Re: [PATCH 1/3 V7] KVM, SEV: Add support for SEV intra host migration

From: Sean Christopherson
Date: Thu Sep 09 2021 - 21:40:12 EST


On Thu, Sep 09, 2021, Marc Orr wrote:
> > > +int svm_vm_migrate_from(struct kvm *kvm, unsigned int source_fd)
> > > +{
> > > + struct kvm_sev_info *dst_sev = &to_kvm_svm(kvm)->sev_info;
> > > + struct file *source_kvm_file;
> > > + struct kvm *source_kvm;
> > > + int ret;
> > > +
> > > + ret = svm_sev_lock_for_migration(kvm);
> > > + if (ret)
> > > + return ret;
> > > +
> > > + if (!sev_guest(kvm) || sev_es_guest(kvm)) {
> > > + ret = -EINVAL;
> > > + pr_warn_ratelimited("VM must be SEV enabled to migrate to.\n");
> >
> > Linux generally doesn't log user errors to dmesg. They can be helpful during
> > development, but aren't actionable and thus are of limited use in production.
>
> Ha. I had suggested adding the logs when I reviewed these patches
> (maybe before Peter posted them publicly). My rationale is that if I'm
> looking at a crash in production, and all I have is a stack trace and
> the error code, then I can narrow the failure down to this function,
> but once the function starts returning the same error code in multiple
> places now it's non-trivial for me to deduce exactly which condition
> caused the crash. Having these logs makes it trivial. However, if this
> is not the preferred Linux style then so be it.
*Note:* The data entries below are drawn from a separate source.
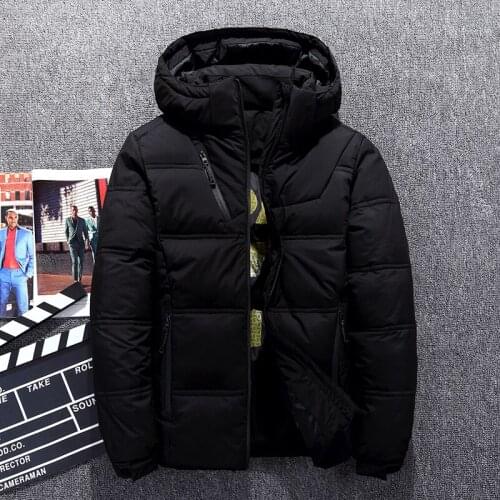 Winter Fashion Brand Men Down Jackets Coats Mens Trendy Wild Thick Warm Down Coat Hooded Casual Down Jacket Male
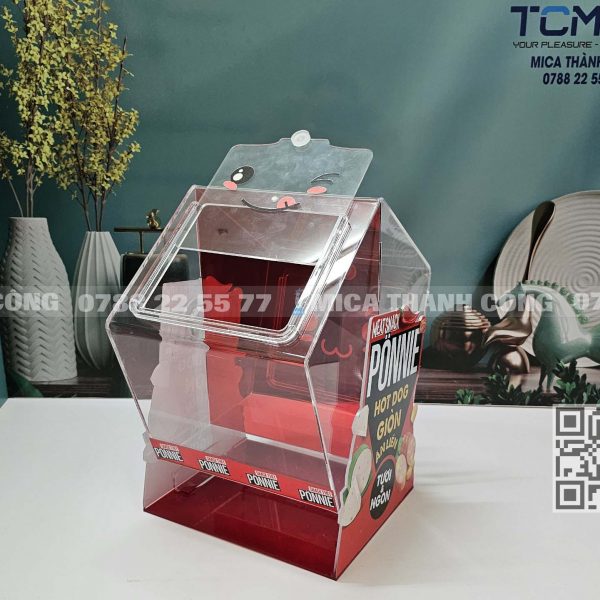Hộp mica đựng bánh dạng xoay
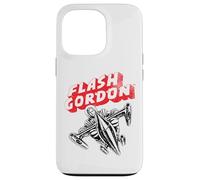 Flash Gordon on Space Rocket Bande dessinée rétro Coque pour iPhone 13 Pro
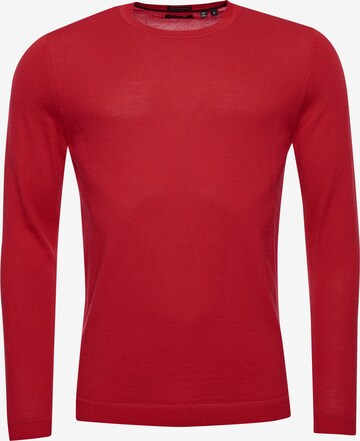 Superdry Sweater in Red: front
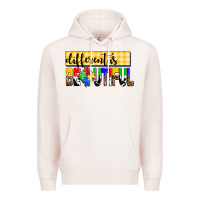 Pale Pink different is beautiful Premium Hoodie - AdoDesignShop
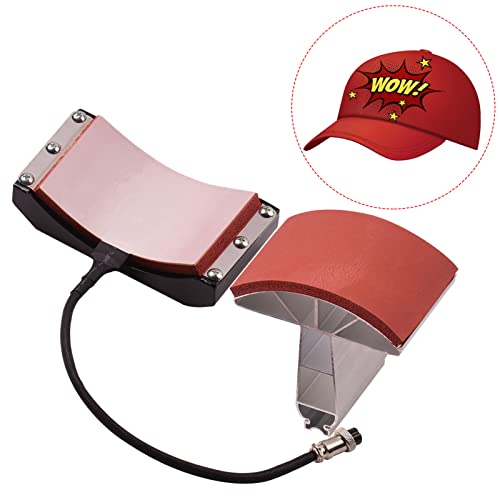 FAJIA Heat Press Hat Attachment, Hat Cap Press Mat Pad Heating Transfer Attachment Silica Gel 5.5x3 Inch 220V for Heat Press Machine Hat Heating - WoodArtSupply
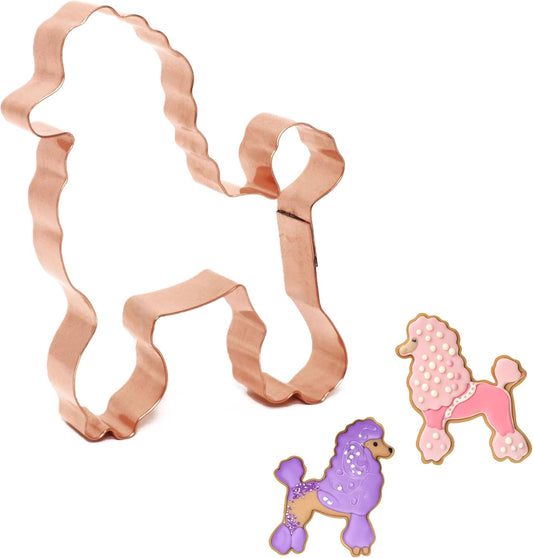 Poodle Cookie Cutter 4.25 Inch Handcrafted in USA by The Fussy Pup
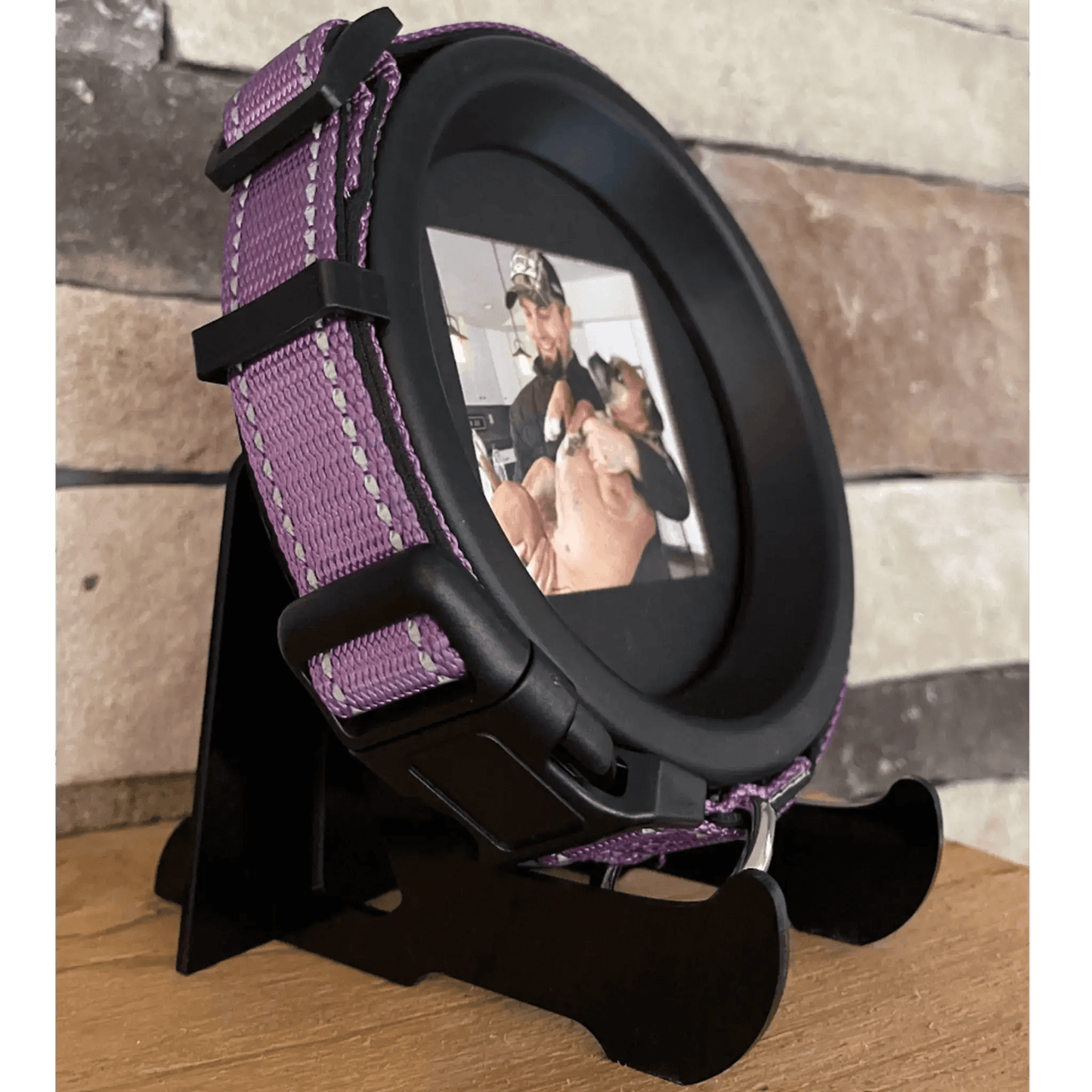 Large Black Acrylic Display Picture Frame Stand - Love, Baxter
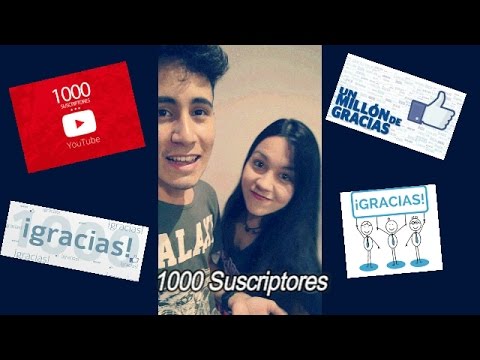 Muchisimas gracias!! 1000 Suscriptores
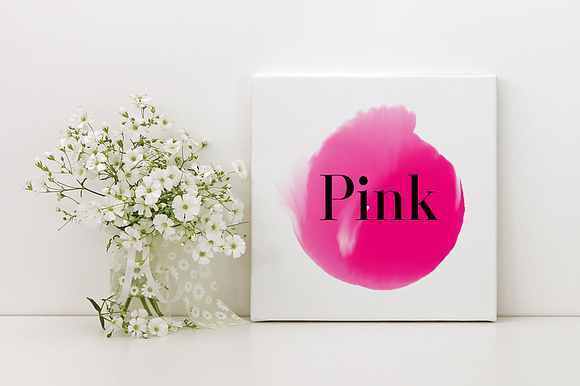 Hot Pink watercolor Textures in Textures - product preview 4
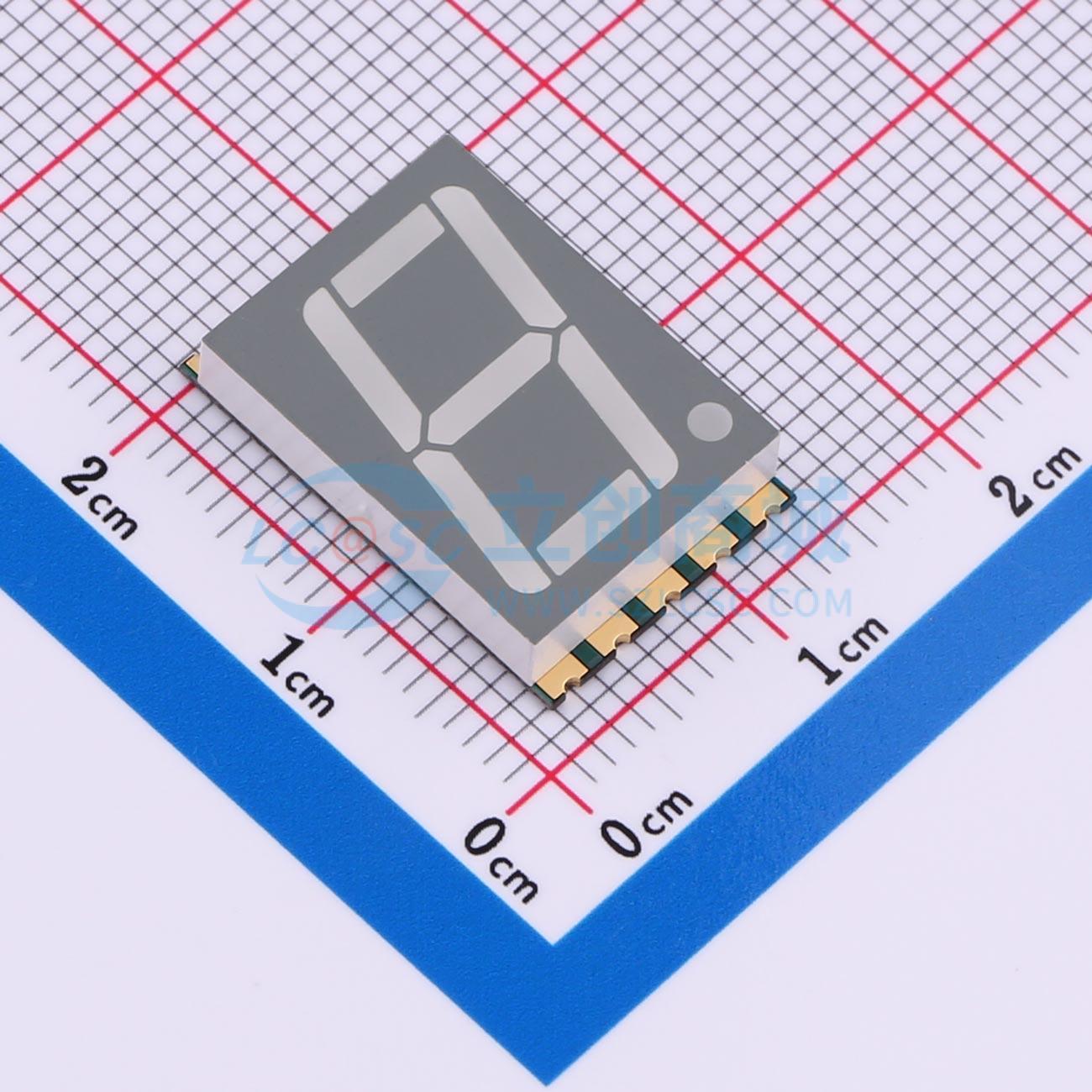 LED 7 đoạn GS5612AW-G Guangcai Display SMD,19x12.5mm Anode chung - Techcore Việt Nam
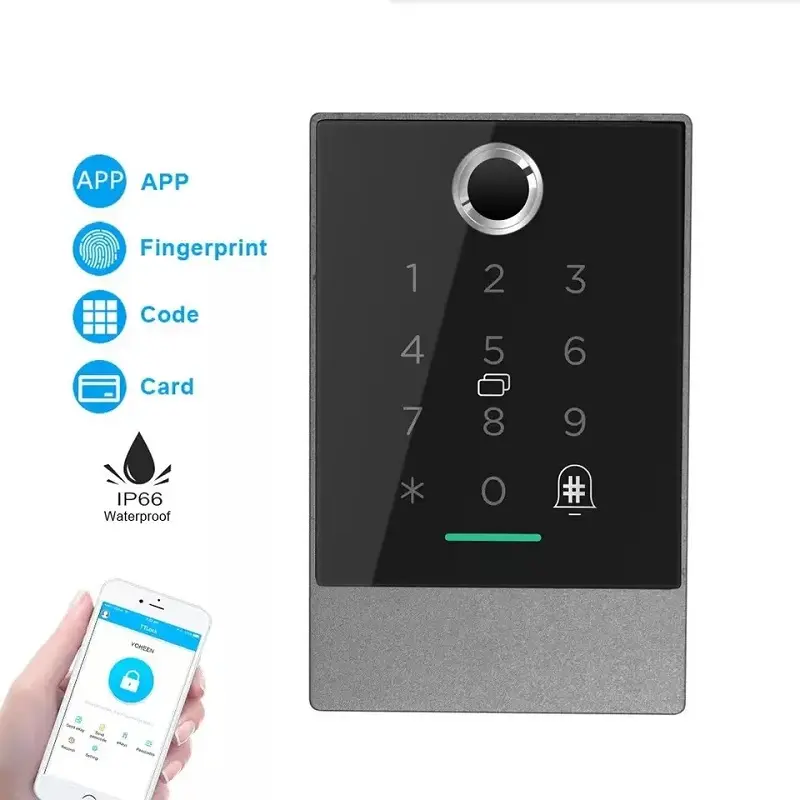 BLE Wireless RFID Card Reader Fingerprint TTLock Smart door lock biometric Access Control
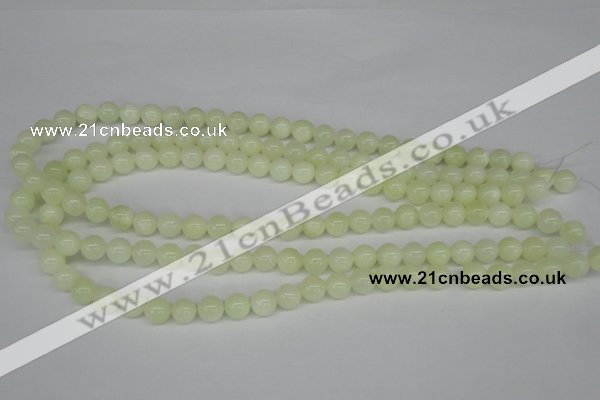 CRO110 15.5 inches 8mm round New jade beads wholesale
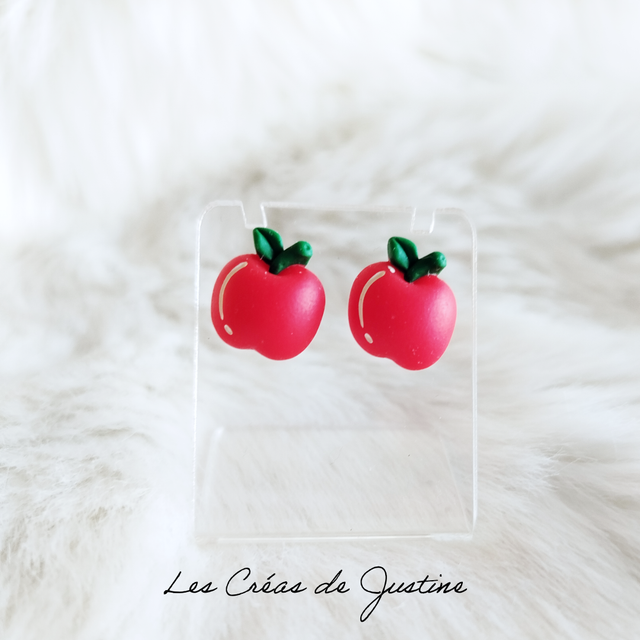 Boucle d&#039;oreille puce pommes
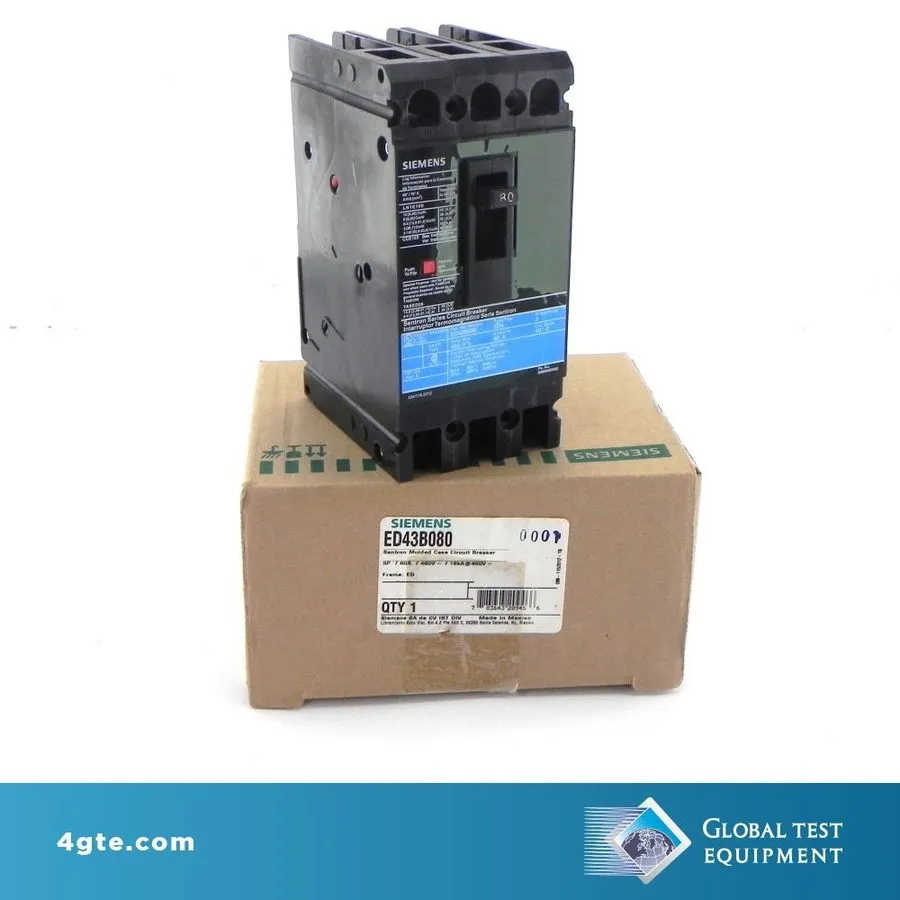 Автоматический выключатель Siemens Sentron ED43B080 Circuit Breaker 80A 3-Pole 4
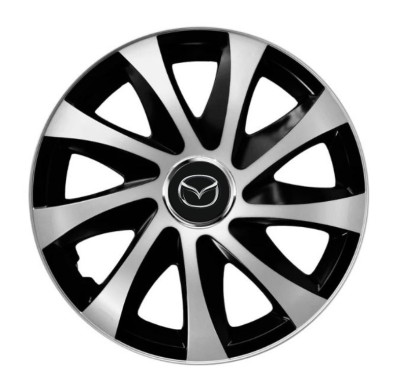 Set 4 capace roti Drift exrta Gri-Negru R15 pentru gama auto Mazda foto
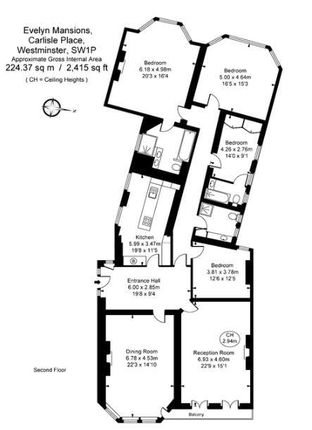 Flat to rent in Evelyn Mansions, Carlisle Place, Chelsea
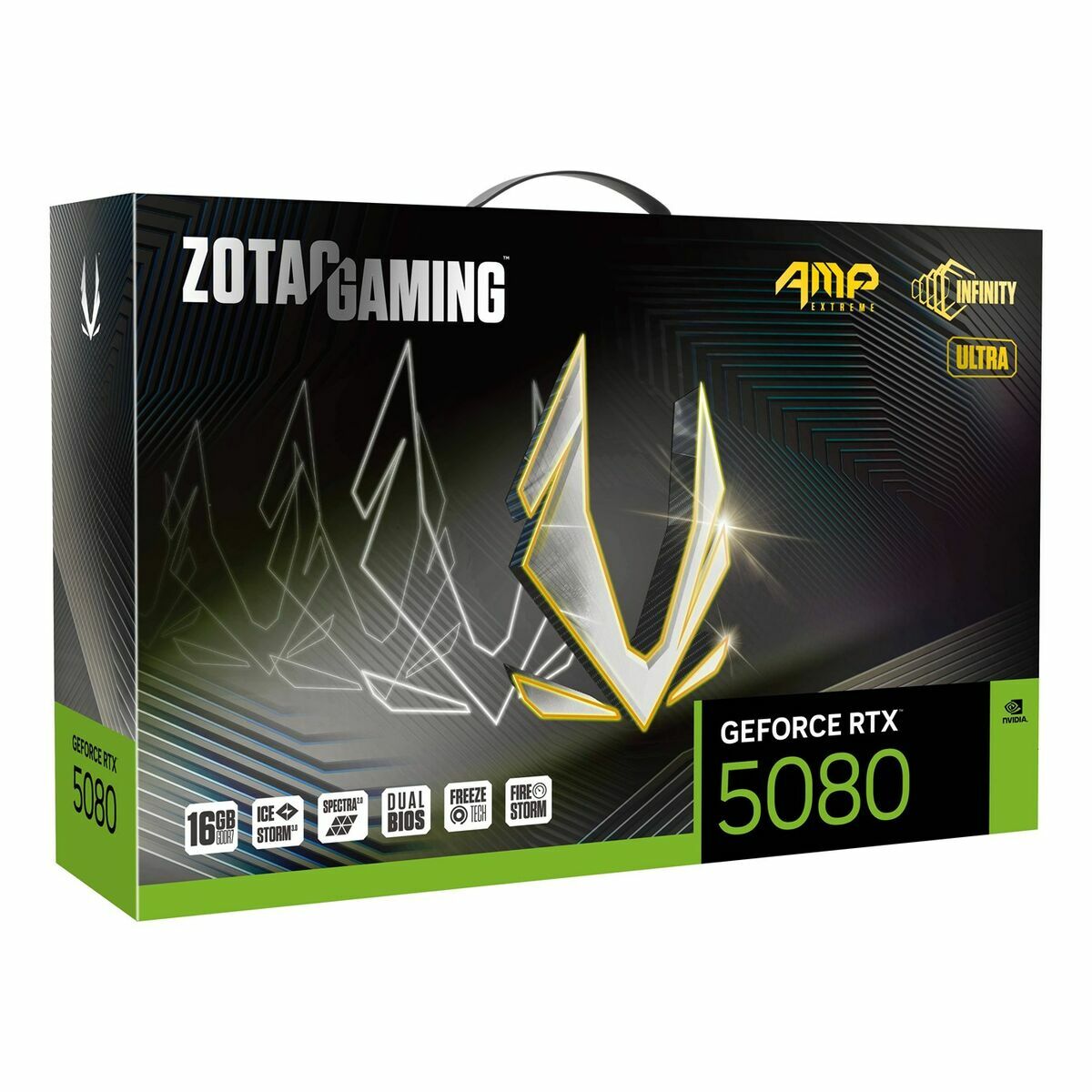 Tarjeta Gráfica Zotac ZT-B50800BU-10P GEFORCE RTX 5080 16 GB GDDR6X GDDR7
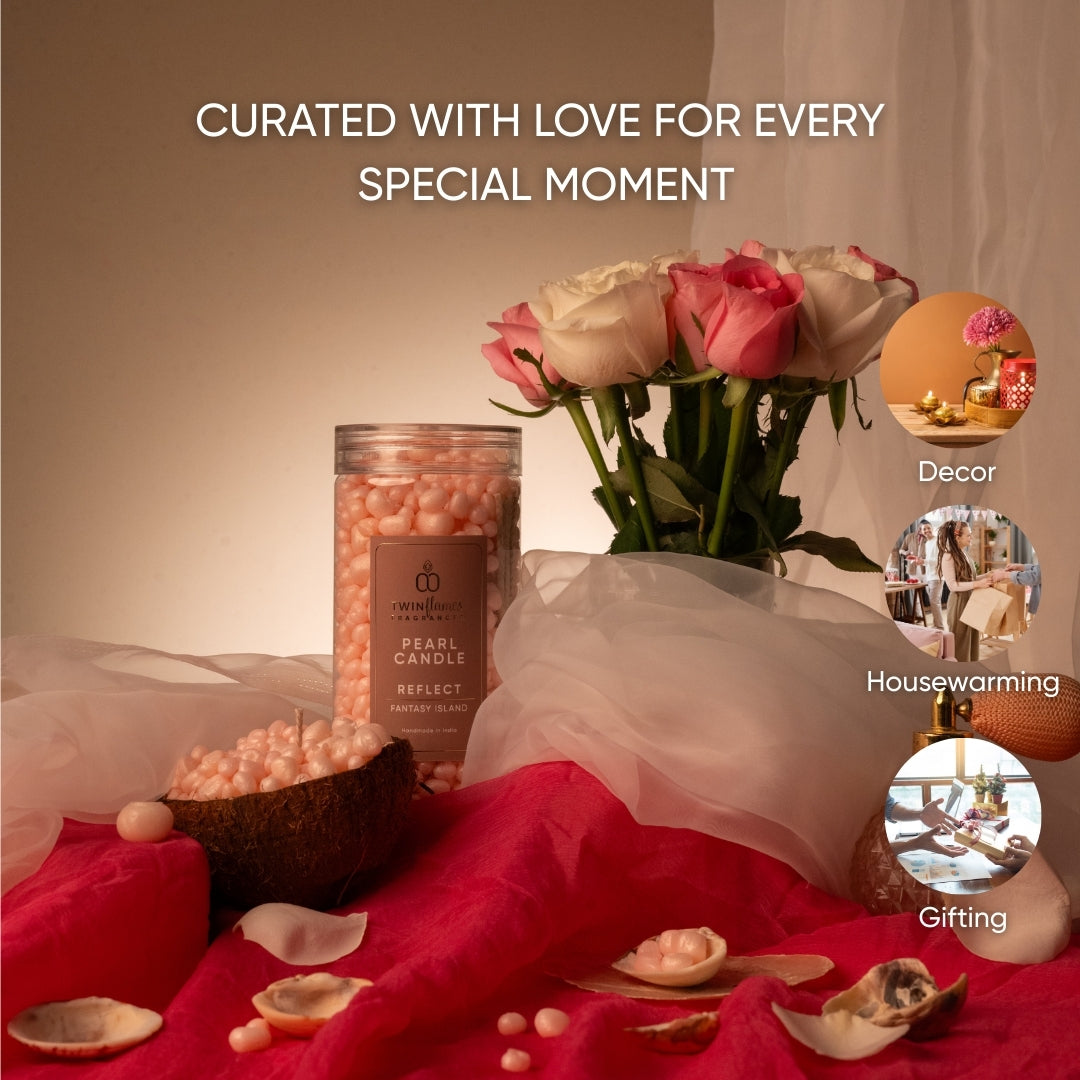 Pearl (Moti) Candle Jar – Fantasy Island Scented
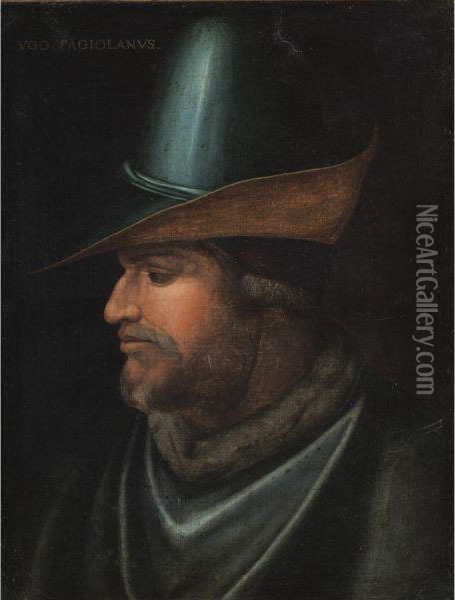 Portrait Of Uguccione Della Faggiuola Oil Painting - Cristofano dell' Altissimo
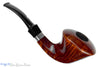 Nørding 16 Bent Fan Dublin with Paneled Diamond Shank and Silver Estate Pipe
I don't necessarily disagree, but none of these errors conditions should so much
as sniff production. E.g. if userspace invokes this on a !KVM fd or on a non-SEV
source, or before guest_state_protected=true, then userspace has bigger problems.
Ditto if the dest isn't actual KVM VM or doesn't meet whatever SEV-enabled/disabled
criteria we end up with.

The mismatch in online_vcpus is the only one where I could reasonablly see a bug
escaping to production, e.g. due to an orchestration layer mixup.

For all of these conditions, userspace _must_ be aware of the conditions for success,
and except for guest_state_protected=true, userspace has access to what state it
sent into KVM, e.g. it shouldn't be difficult for userspace dump the relevant bits
from the src and dst without any help from the kernel.

If userspace really needs kernel help to differentiate what's up, I'd rather use
more unique errors for online_cpus and guest_state_protected, e.g. -E2BIG isn't
too big of a strecth for the online_cpus mismatch.